Ingrid Merckx  • 5 juin 2008 abonné·es

«Academic Pride » : c’est le nom, sur le modèle de la Gay Pride, donné par les chercheurs à la grande marche d’affirmation organisée le 27 mai dans plusieurs villes de France. Ils étaient plusieurs milliers à être descendus dans la rue pour dire qu’ils étaient « fiers de [leurs] recherches, de [leurs] découvertes, des savoirs [qu’ils ont] produits et transmis » . « C’est la première fois depuis le mouvement des chercheurs de 2004 qu’on assiste à une telle mobilisation » , s’est félicité Bertrand Monthubert, président de Sauvons la recherche.
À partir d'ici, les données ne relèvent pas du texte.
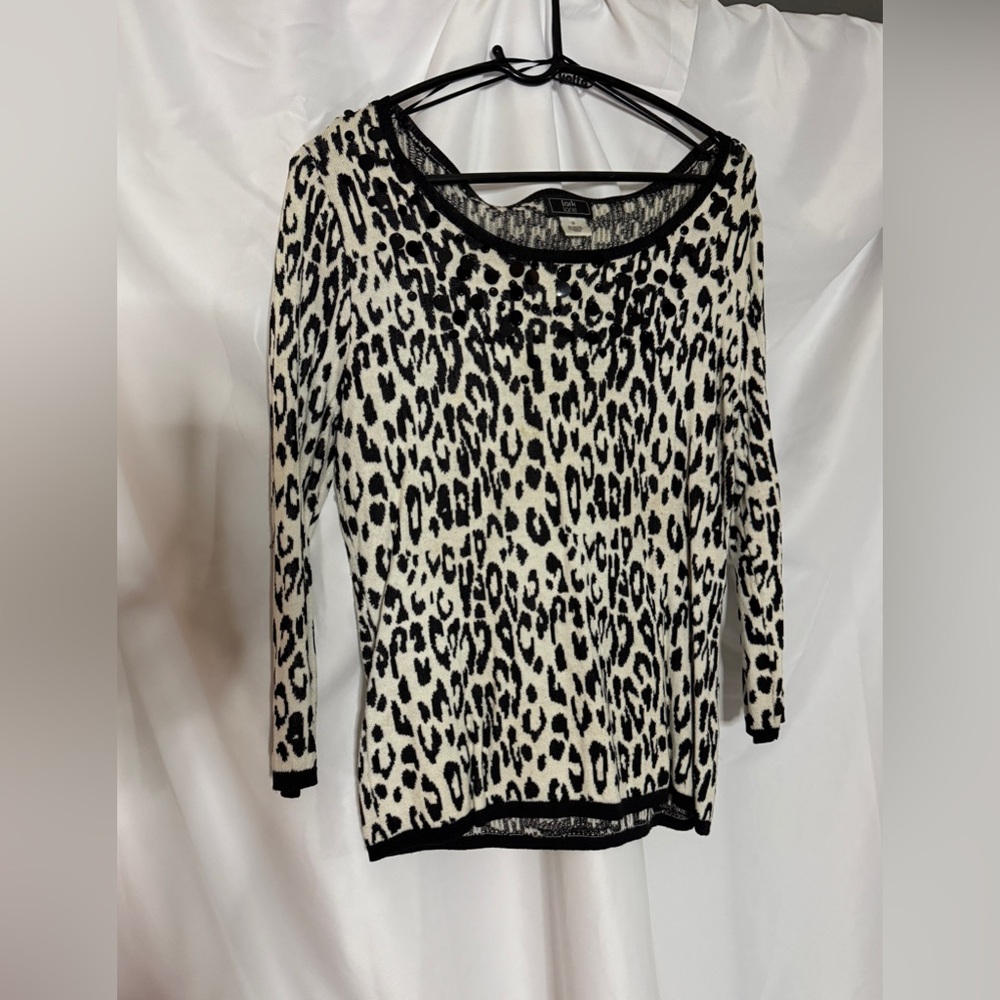 Lark Lane Black and White Animal Print Sweater Rayon Blend Top NWOT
Ce qui a déclenché ce sursaut ? Le démantèlement du CNRS, annoncé par Valérie Pécresse dans le Monde du 22 mai avant même le conseil d’administration de l’organisme, qui se réunit le 19 juin. Il en va de l’Enseignement supérieur et de la Recherche comme des autres ministères : l’essentiel de la politique à mettre en place tenait dans la lettre de mission adressée par Nicolas Sarkozy à la ministre en charge. Elle a été relancée, en l’occurrence, par le discours présidentiel du 28 janvier à l’université Paris-Sud-XI, déclinant les grands axes des réformes à venir.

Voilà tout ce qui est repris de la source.